→ Task item
Would you transcribe the whole listing exactly and drop its images?

→ Recorded information
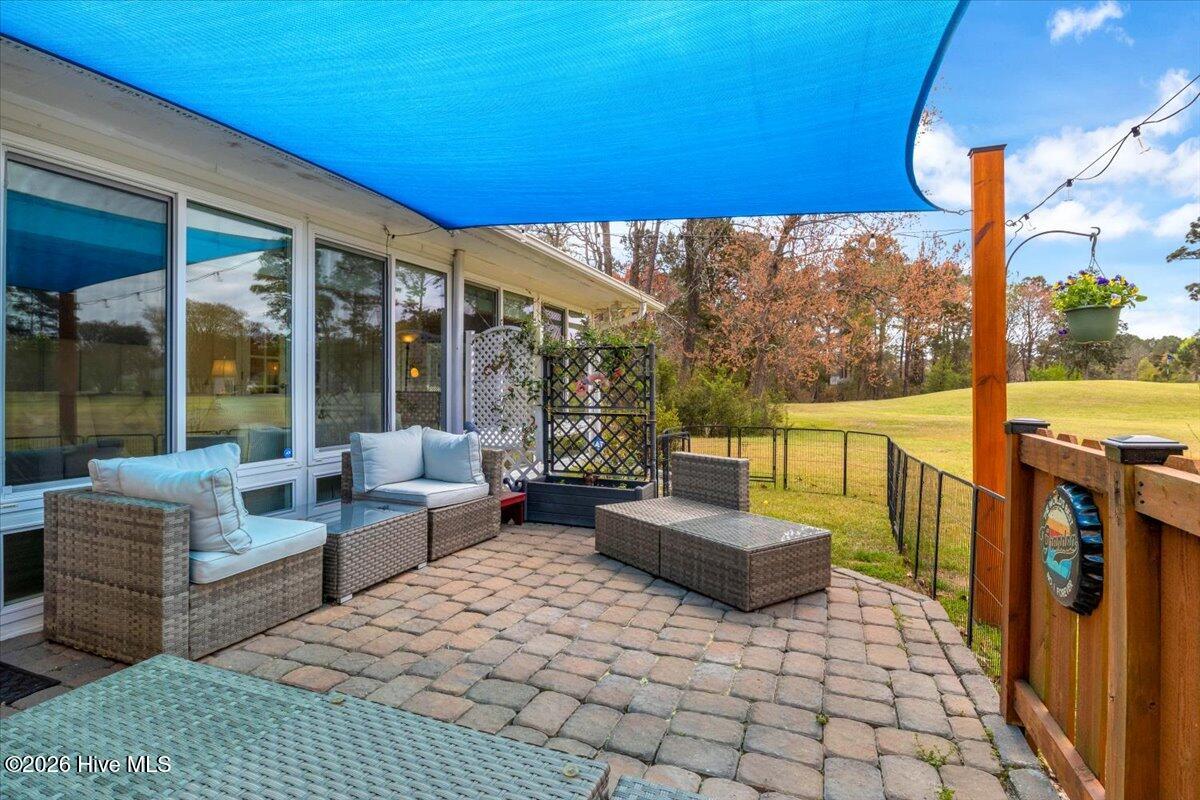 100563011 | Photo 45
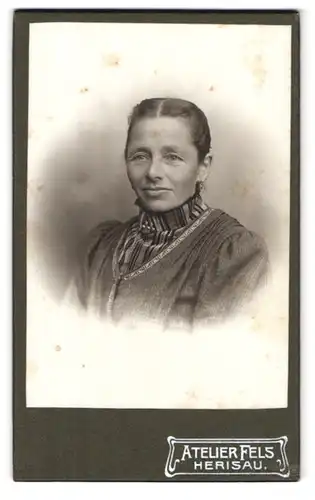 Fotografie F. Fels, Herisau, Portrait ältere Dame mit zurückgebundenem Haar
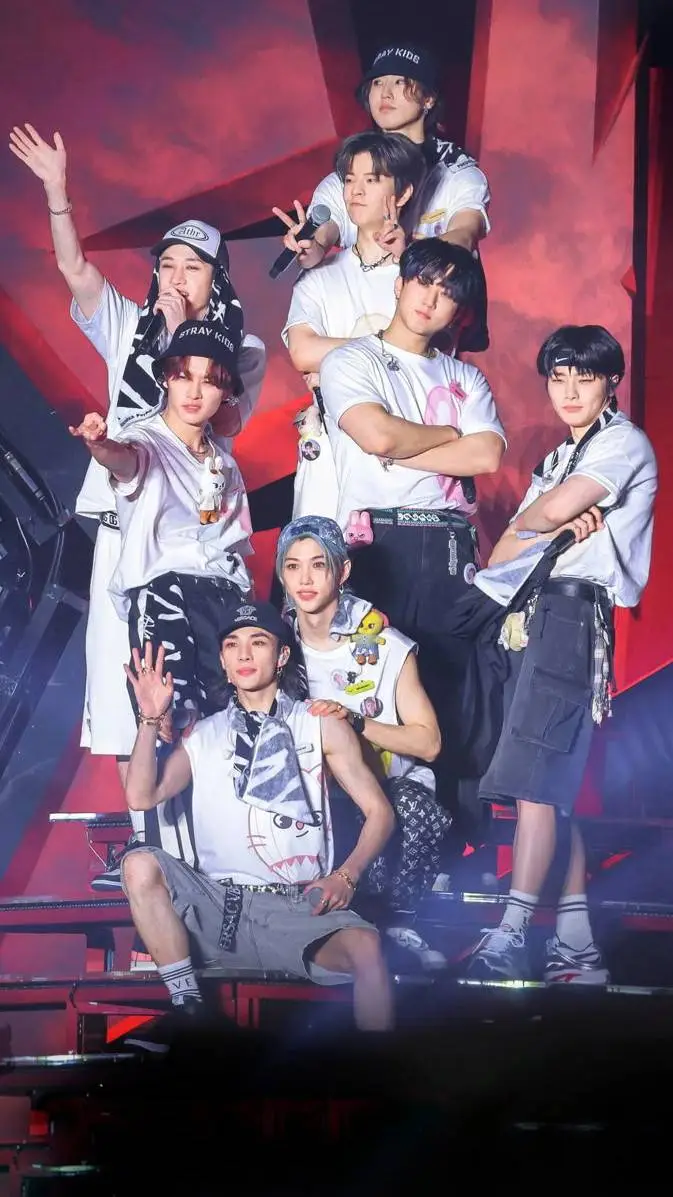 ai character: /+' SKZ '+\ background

→ Solved problem
 100563011 | Photo 45
 Fotografie F. Fels, Herisau, Portrait ältere Dame mit zurückgebundenem Haar
 ai character: /+' SKZ '+\ background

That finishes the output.